As is common practice in Newfoundland and Labrador, Jack Casey of Conche cut all his timber in the fall of the year.
“We had a camp in there, about 8 miles,” he told WBMNL researchers, “we’d walk in there and cut our timber and pile it up on stumps. And in the spring of the year, when the snow was hard in March month, that’s when we would go in and take it, haul it out then.”
Once the timber was harvested, Jack would use a pit saw to cut his own wood. “We were all good hands at the saw,” said Jack, “We had to be, there was no room for spoiling timber when you had to go in eight to ten miles to get it.”
Jack talked about building with more timber, noting that it was more difficult to saw because of the crooked shape.
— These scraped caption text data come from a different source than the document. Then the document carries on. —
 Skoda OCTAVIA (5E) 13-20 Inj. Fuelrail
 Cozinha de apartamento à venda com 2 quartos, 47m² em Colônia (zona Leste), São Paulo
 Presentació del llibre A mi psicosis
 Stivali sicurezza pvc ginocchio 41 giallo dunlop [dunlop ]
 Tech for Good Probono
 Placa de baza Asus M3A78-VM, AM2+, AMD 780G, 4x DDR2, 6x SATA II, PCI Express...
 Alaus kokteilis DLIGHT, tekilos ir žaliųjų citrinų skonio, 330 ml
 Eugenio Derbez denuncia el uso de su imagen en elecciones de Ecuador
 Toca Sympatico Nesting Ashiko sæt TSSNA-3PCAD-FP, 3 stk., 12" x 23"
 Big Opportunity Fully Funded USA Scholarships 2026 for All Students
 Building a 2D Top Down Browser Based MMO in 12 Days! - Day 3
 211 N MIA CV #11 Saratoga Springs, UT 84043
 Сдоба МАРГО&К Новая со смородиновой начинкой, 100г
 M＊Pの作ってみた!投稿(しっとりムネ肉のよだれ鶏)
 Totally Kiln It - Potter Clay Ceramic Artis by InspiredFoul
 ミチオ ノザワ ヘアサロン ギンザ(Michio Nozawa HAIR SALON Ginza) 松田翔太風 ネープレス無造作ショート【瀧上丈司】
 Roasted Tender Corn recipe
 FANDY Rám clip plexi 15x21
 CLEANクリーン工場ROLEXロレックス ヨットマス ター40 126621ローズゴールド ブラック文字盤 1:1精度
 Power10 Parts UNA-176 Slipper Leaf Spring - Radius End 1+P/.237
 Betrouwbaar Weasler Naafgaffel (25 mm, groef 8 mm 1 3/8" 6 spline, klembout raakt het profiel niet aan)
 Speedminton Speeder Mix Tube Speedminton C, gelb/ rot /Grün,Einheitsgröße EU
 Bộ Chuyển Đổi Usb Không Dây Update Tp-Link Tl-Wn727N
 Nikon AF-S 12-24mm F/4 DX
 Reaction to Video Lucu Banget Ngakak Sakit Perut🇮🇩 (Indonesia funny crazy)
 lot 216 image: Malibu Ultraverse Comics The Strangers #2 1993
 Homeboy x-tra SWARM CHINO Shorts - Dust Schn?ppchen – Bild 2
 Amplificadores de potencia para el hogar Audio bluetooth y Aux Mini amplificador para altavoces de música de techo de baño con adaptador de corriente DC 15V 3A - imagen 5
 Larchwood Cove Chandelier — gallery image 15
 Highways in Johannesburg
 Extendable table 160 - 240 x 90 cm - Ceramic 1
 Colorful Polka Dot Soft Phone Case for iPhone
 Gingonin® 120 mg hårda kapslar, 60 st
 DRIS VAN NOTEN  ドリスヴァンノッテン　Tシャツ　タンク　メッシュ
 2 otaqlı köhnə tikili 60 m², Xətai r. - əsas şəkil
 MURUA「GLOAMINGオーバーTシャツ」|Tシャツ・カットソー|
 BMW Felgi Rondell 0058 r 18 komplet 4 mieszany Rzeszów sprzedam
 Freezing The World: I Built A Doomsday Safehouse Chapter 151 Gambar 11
To steady the timber, Jack would tie it off with a piece of rope and a use a stick, which he called a “dog,” to prop it, marking it as they cut.
In Conche, Jack Casey primarily built his boats with black spruce and white spruce. He notes that juniper, a common wood used in boat building, was scarce in the area. “You wouldn’t see juniper down our way long enough to make a more or a keel. But knees for the thwart, or things like that, if you came across a big juniper, it didn’t matter how ugly it looked, you’d cut it down and saw the knees out of it. The limbs were big. It’s the prettiest kind of wood when it’s dressed up, juniper is – almost like it’s varnished.”